The municipalities of Shanghai and Beijing both have a population of approximately 20 million compared to Malaysia’s 30 million, so in practice, being 50 percent more productive would be enough to see a GDP eclipse. The real irony is the Guangzhou/Shenzhen and Pakistan comparison. A nation of 182 million people, Pakistan is the 6th most populous in the world. Guangzhou on the other hand, is a city of 14 million. Supposedly, to go in par with Pakistan on GDP, Guangzhou needs to be 13 times more productive.

But that is just how it is. The Pakistani rupee has fallen 8 percent against the dollar year-to-date and its economy is now worth a mere $212 billion compared to the $221 billion of Guangzhou. Pakistan, a nuclear-armed state who harbors dream of becoming a superpower, produced just enough to match China’s third most economically influential city. Looking forward into the future, the city of Guangzhou has set a goal for a GDP catch up with that of Hong Kong and Singapore in 2015 and Taiwan in 2024.

Guangzhou aims to surpass Hong Kong and Singapore in 2015, Taiwan in 2024

Shenzhen, just opposite of Hong Kong, bears a superficial resemblance to Shanghai. Its GDP hit 1.3 trillion yuan (US$212.4 billion) last year after growing 10 percent. The city is closely followed by Tianjin US$212 billion, growing at 13.8 percent, Suzhou US$196 billion, with a growth rate of 10.1 percent, and Chongqing US$189 billion, growing 13.6 percent. Each of these cities are just like a tiger economy of their own, handling a growth rate that would put many emerging Asian states to shame.

The Chinese cities however, remain dwarfed by their Japanese counterpart. GDP of Tokyo was US$1.9 trillion - almost double that of Shanghai, Beijing, Guangzhou and Hong Kong combined. Tokyo has the largest metropolitan economy in the world, more than New York ($1.28 trillion), Los Angeles ($736 billion) or London ($731 billion). In Asia, Shanghai can only be ranked fourth behind Tokyo, Osaka and Seoul.

Despite that, cities in China still offer the best growth potential among major cities of the world. A 7.5 to 15 percent growth rate is unheard of in Japan and the West.

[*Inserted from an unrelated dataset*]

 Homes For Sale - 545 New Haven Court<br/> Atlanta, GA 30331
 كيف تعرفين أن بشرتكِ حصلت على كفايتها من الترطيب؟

New York for instance, grew by just 1.3 percent, London 3.1 percent while Tokyo 2 percent. The planet’s 10 biggest city economies are currently as follow: Tokyo, New York, Los Angeles, London, Paris, Osaka, Chicago, Seoul, Moscow and Sao Paolo.

China: We figured out how to develop - produce many Singapores and Hong Kongs across the country

Source: … 117886.htm … 1205.htm#4 … 88545.html … 4&cid=1102 … rowth-2013 … ance-group … f-official

yes, the bigger they are, the harder they fall.

and fall they will, just a matter of time.

earth’s resources is not infinite.

[quote=“gorshan”]yes, the bigger they are, the harder they fall.

and fall they will, just a matter of time.

earth’s resources is not infinite.[/quote]

human resources is infinite and growing :wink:

the time resources on earth is depleted, human beings will already be digging gold on mars, live on moon surface, visiting jupiter’s satellites…

i’m more interested to know who will come to achieve that first… west europe or east asia? :slight_smile:

Well i’m not surprise at all…

[quote=“gorshan”]yes, the bigger they are, the harder they fall.

and fall they will, just a matter of time.

earth’s resources is not infinite.[/quote]

Yes, but what do you think China sells the most?